The chart below shows aggregate flows into all funds based on how their fees stack up versus their Morningstar Category peers. In nine of the last 10 years, the cheapest 20% of funds across all Morningstar Categories have, as a group, accounted for 100% of the net inflows into all funds. Meanwhile, money has poured out of the remaining 80% in eight of the past 10 years. The sums are staggering. More than $5.8 trillion has flowed into the low-cost cohort during this 10-year span, while $1.7 trillion has been pulled from the remaining funds.

The lion’s share of flows into low-cost funds has gone to index mutual funds and ETFs. These funds’ growth has been driven by a variety of factors: notably, shifting investor preferences, the evolving economics of the financial advice industry, and the ascendance of target-date funds as the default investment option in retirement plans.

Investors’ tastes can be fickle, but the trend toward indexing in general and ETFs in particular appears to be durable. Disillusioned with active managers, and fed up with high fees and regular capital gains distributions, investors of all stripes have flocked to low-cost, tax-efficient index funds.

In the advice space, the shift away from transaction-driven business models and toward fee-based ones has led advisors to recommend lower-cost funds to their clients to, in part, make more room for their own fees, which are often charged as a percentage of client assets under management.

In the retirement space, target-date funds have experienced significant growth as they are now the default investment option in many retirement plans. The majority of target-date fund assets are now in target-date series composed exclusively of index mutual funds.

Taken together, these three factors help explain the sea change we have witnessed from active funds to passive ones, costly ones to inexpensive ones.

Fund Fee Trends in Active versus Passive Funds

The table below shows the trend in equal-weighted fees for active and passive funds across Morningstar Broad Category Groups. From 2017 through 2021, the average expense ratio for passive funds dropped 8% and the average fee for active funds dropped 12%.

Fund companies are charging investors less than they were five years ago, partly because they are dropping certain line items from investors’ bills. As advice (such as loads) and marketing and distribution costs (such as 12b-1 fees) get scrapped to reflect the evolution of advisory practices, fund fees are getting stripped down to manufacturing costs (that is, management fees). This effect has been most pronounced among active funds, where these expenses are—or at least were historically—most prevalent.

The table below shows the trend in asset-weighted fees for active and passive funds across Morningstar Broad Category Groups. From 2017 through 2021, the asset-weighted average expense ratio for passive funds dropped 25%, while the asset-weighted average fee for active funds dropped 15%.

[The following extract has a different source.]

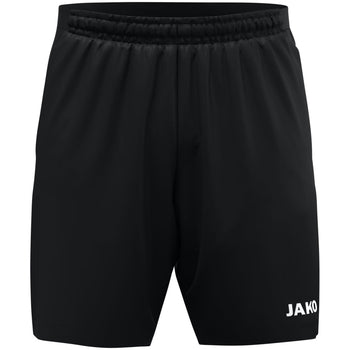 JAKO Webshort Dynamic Damen Schwarz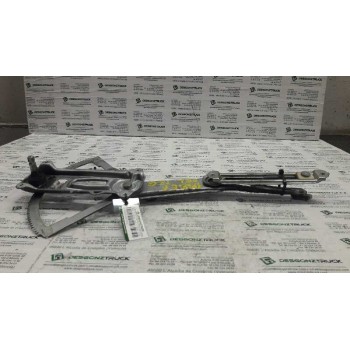 Recambio de elevalunas delantero izquierdo para opel corsa c club referencia OEM IAM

The rate of change in what investors pay, on average, for passive funds has been much greater than the rate at which these funds’ fees have fallen. This reflects how acutely price-sensitive investors have become in this segment of the market. Broad-based market-cap-weighted index funds have become a commodity product. Differences in fees (if they even charge a fee) have become razor-thin; high-fidelity index-tracking performance is table stakes. Market beta has become, for all intents and purposes, a public good.

Pressure on Fund Fees is Here to Stay

Below you can see the summary fee data for the nine U.S. stock fund categories that compose the Morningstar Style Box. This provides further evidence that the trend in fees has been friendly to investors. Not only has the median U.S. stock fund gotten cheaper over the past 15 years, the most expensive ones have, too. The most encouraging figure is the one representing the level that divides the cheapest 10% of funds from the rest. At 0.34%, this breakpoint was 46% lower in 2021 than it was in 2006.

The downward pressure on fund fees is unlikely to abate. Competition has driven fees to zero in the case of a handful of index mutual funds and ETFs. The same forces that spawned these zero-fee funds have begun to spread to other corners of the fund market, areas where there is still ample room for fees to fall further.